All of lore.kernel.org
 help / color / mirror / Atom feed
From: John Snow <jsnow@redhat.com>
To: Markus Armbruster <armbru@redhat.com>
Cc: Michael Roth <michael.roth@amd.com>,
	Cleber Rosa <crosa@redhat.com>,
	qemu-devel <qemu-devel@nongnu.org>,
	Eduardo Habkost <ehabkost@redhat.com>
Subject: Re: [PATCH v2 3/6] qapi/parser: add type hint annotations (QAPIDoc)
Date: Tue, 28 Sep 2021 19:25:29 -0400	[thread overview]
Message-ID: <CAFn=p-Y4uqnLEvemPkTwYAdnFfoPLojyjRsWbD2zsEBpfvpqhQ@mail.gmail.com> (raw)
In-Reply-To: <87o8943brt.fsf@dusky.pond.sub.org>

[-- Attachment #1: Type: text/plain, Size: 15968 bytes --]

On Tue, Sep 7, 2021 at 6:44 AM Markus Armbruster <armbru@redhat.com> wrote:

> John Snow <jsnow@redhat.com> writes:
>
> > Annotations do not change runtime behavior.
> >
> > This commit adds mostly annotations, but uses a TYPE_CHECKING runtime
> > check to conditionally import dependencies, which only triggers during
> > runs of mypy.
>
> Please add a reference to
> https://mypy.readthedocs.io/en/latest/runtime_troubles.html#import-cycles
>
>
OK.


> > Signed-off-by: John Snow <jsnow@redhat.com>
> >
> > ---
> >
> > TopLevelExpr, an idea from previous drafts, makes a return here in order
> > to give a semantic meaning to check_expr(). The type is intended to be
> > used more in forthcoming commits (pt5c), but I opted to include it now
> > instead of creating yet-another Dict[str, object] type hint that I would
> > forget to change later.
> >
> > Signed-off-by: John Snow <jsnow@redhat.com>
> > ---
> >  scripts/qapi/parser.py | 77 ++++++++++++++++++++++++++----------------
> >  1 file changed, 48 insertions(+), 29 deletions(-)
> >
> > diff --git a/scripts/qapi/parser.py b/scripts/qapi/parser.py
> > index 3ddde318376..b1e2fa5c577 100644
> > --- a/scripts/qapi/parser.py
> > +++ b/scripts/qapi/parser.py
> > @@ -18,6 +18,7 @@
> >  import os
> >  import re
> >  from typing import (
> > +    TYPE_CHECKING,
> >      Dict,
> >      List,
> >      Optional,
> > @@ -30,6 +31,15 @@
> >  from .source import QAPISourceInfo
> >
> >
> > +if TYPE_CHECKING:
> > +    # pylint: disable=cyclic-import
> > +    # TODO: Remove cycle. [schema -> expr -> parser -> schema]
>

WRT this todo: you mentioned that you'd prefer having some idea or plan for
how to eliminate the cycle in order to let this band-aid fly.
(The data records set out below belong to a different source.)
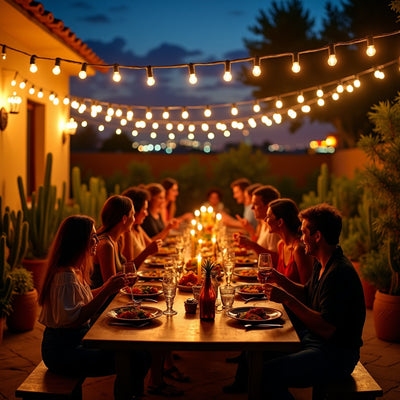 50FT 15 LED Bulbs Outdoor String Lights with Edison Shatterproof Bulbs — miofertas.com.mx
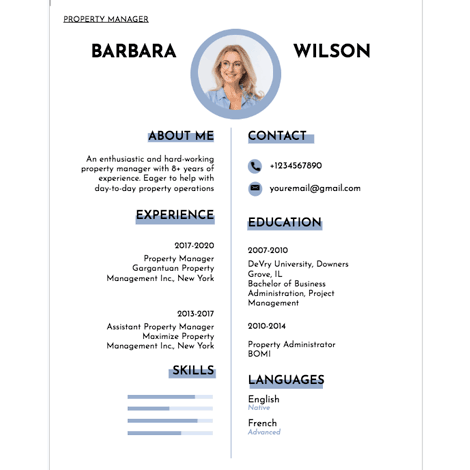 Light & Airy Resume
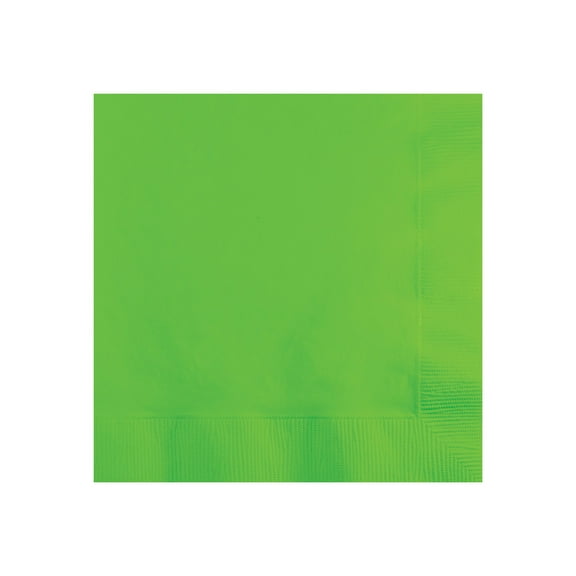 Fresh Lime Green Beverage Napkins 150 Count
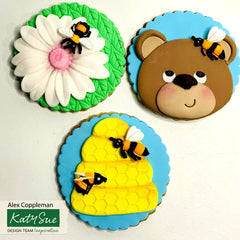Continuous Honeycomb & Bees Silicone Mould-7
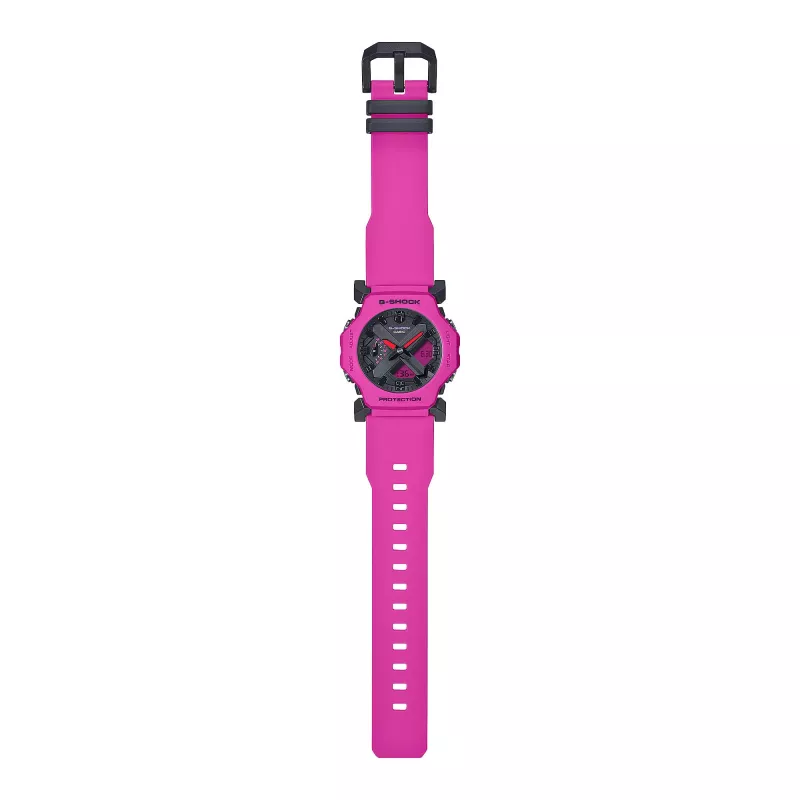CASIO G-Shock GA-2300-4AER Reloj analógico-digital para mujer, 42,1 mm, resina naranja
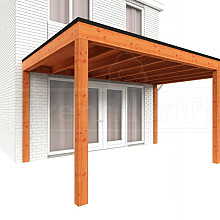Aanbouwveranda Modena 4700x3650x2700mm (bxdxh) rechts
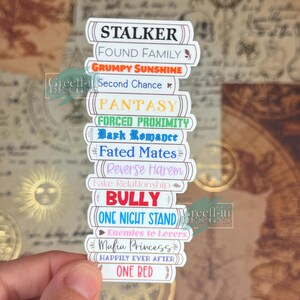 Romantische stijlfiguren | Stickers | Kindle | Cadeaus | Chagrijnig zonneschijn | 1 bed | Fantasie | Maffia | Stalker | Pesten | Stand voor één nacht | Tweede kans:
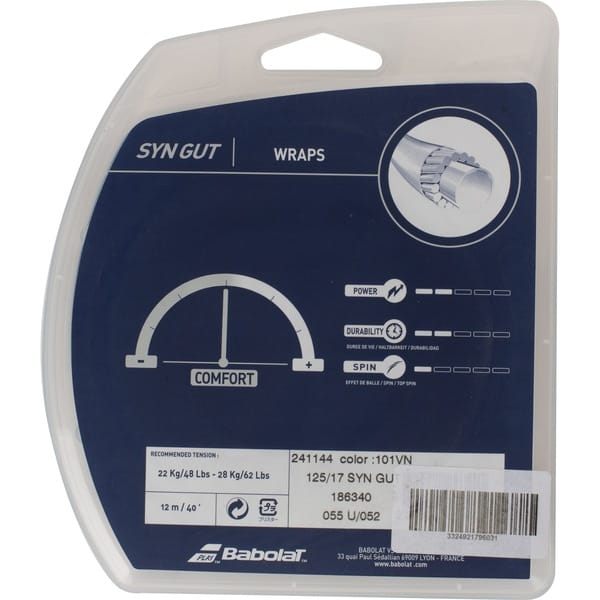 Corda para Raquete de Tênis Babolat Synthetic Gut Universal 1.25 mm 17L - 12 m - 2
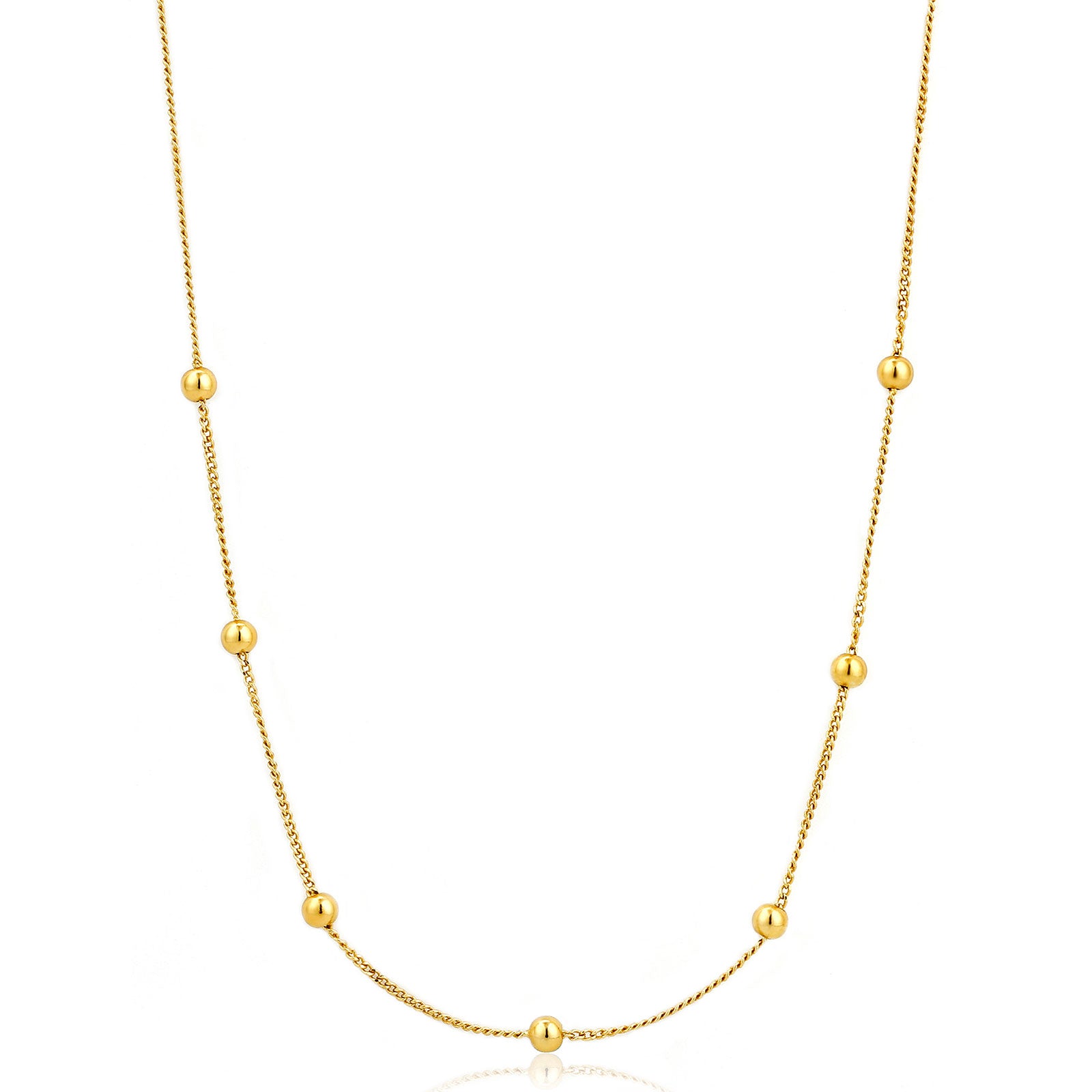 Ania Haie Sterling Silver & Gold Plated Modern Beaded Necklace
How about
adding a 'doc' member to e.g. QAPISchemaFeature and doing the connection
entirely inside of schema.py, and dropping connect_member() and
connect_feature()?

Would that be serviceable?


> > +    from .schema import QAPISchemaFeature, QAPISchemaMember
> > +
> > +
> > +#: Represents a single Top Level QAPI schema expression.
> > +TopLevelExpr = Dict[str, object]
>
> Related: _ExprValue below, and _JSONObject in expr.py.  The latter's
> comment gives the best rationale (except I don't get "the purpose of
> this module is to interrogate that type").
>
>
in expr.py, the purpose of that module (expr) is explicitly to interrogate
(check, validate) the shape of arbitrary JSON objects. I am saying that a
more strict definition specifically here in expr.py is not necessary
because the entire purpose of expr.py is to, at runtime, verify the shape
of any such variables that might be annotated that way. I am drawing some
distinction to introspect.py, where we're generating that data ourselves --
the stronger types are more viable there, because we know what they are
already.
(again, sorry about mypy's lack of recursive typing, I hate it too, I
promise)


> I think we'd like to have
>
> * A recursive type for JSON value (in our bastardized version of JSON)
>
>   This is Union of bool, str, List[Self], Dict[str, Self].  It's what
>   .get_expr() returns.
>
>   Since mypy can't do recursive, we approximate with _ExprValue.
>
> * A recursive type for JSON object
>
>   This is the Dict branch of the above.  It's what check_keys() &
>   friends take as argument.
>
>   We approximate with _JSONObject.
>
>   Same for the List branch would make sense if we had a use for the
>   type.
>
> * A recursive type for TOP-LEVEL-EXPR
>
>   Actually the same type as the previous one, to be used only for the
>   schema's top-level expressions.  It's the elements of
>   QAPISchemaParser.exprs[], and what check_exprs() takes as argument.
>
>   We approximate with TopLevelExpr, but so far use it only for
>   check_exprs().
>
>   Doesn't really improve type checking, but may serve as documentation.
>
>
That's the intended effect here -- to help highlight which functions
operate on those top-level expressions, and which might be invoked in more
arbitrary cases.
Consider also a hypothetical TOP-LEVEL-EXPR that is actually a bona-fide
object with additional metadata, too. In these cases, the type really will
be different.


> Shouldn't these types be all defined in one place, namely right here?
> Bonus: we need to explain the mypy sadness just once then.
>
> Shouldn't their names be more systematic?  _ExprValue, _JSONObject and
> TopLevelExpr hardly suggest any relation...
>
>
I drop _JSONObject in pt5c, it was a stop-gap. For the rest, I'll see about
a more rigorous consolidation now that we're this far in.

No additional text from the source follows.